Ma aggiungendo una chiamata poco sensata alle troppe già effettuate in questo avvio di regular season, gli arbitri assegnano il secondo tecnico della partita a Booker costringendolo alla prima espulsione della sua carriera. Booker sorride, non in modo sarcastico come avrebbe fatto Rasheed Wallace, ma mantenendo l’aplomb.
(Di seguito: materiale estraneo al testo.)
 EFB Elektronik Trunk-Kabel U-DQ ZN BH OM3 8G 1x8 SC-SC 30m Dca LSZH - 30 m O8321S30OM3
Si dirige verso gli spogliatoi, firma un autografo a un fan, da il pugnetto a uno accanto ed entra dentro il tunnel degli spogliatoi.

Una cosa del genere dovrebbe passare totalmente sotto traccia, invece per la stampa associata all’Arizona, per l’account Twitter dei Phoenix Suns e per tutti gli insider della franchigia quella scena è stata La Cosa da ricordare della notte, il video da condividere su Facebook e Twitter nell’orario di punta, l’highlight da mostrare per dimostrare agli altri quanto vale la propria stella. Accade quindi che in una piazza assetata di stardom da ormai troppi anni - i Suns non avevano mai saltato quattro serie di playoff consecutive dalla loro nascita, attualmente stanno veleggiando verso la settima -, un sophomore espulso negli ultimi secondi di una partita persa di 20 si trasformi nell’highlight della settimana.

Perché i Suns nutrono per Booker una cosa molto più intensa del tifo, dell’affetto o altro. In Arizona Booker rappresenta la speranza irrazionale di un futuro migliore, al punto da diventare quasi enigmatico il motivo stesso per cui è così tanto apprezzato. D’altronde stiamo parlando di un giocatore praticamente nullo in difesa, di un tiratore dall’arco che non ha superato il 34% in carriera da 3 punti e viaggia al 32% questa stagione, di uno che ha sempre messo numeri in una squadra senza obbligo di vincere nulla. O forse no.

Monodimensionale?

...There's a super cool band yeah

With their trilbies and their glasses of white wine

And all the weekend rock stars in the toilets

Practicing their lines…

[Fake Tales of San Francisco - Arctic Monkeys]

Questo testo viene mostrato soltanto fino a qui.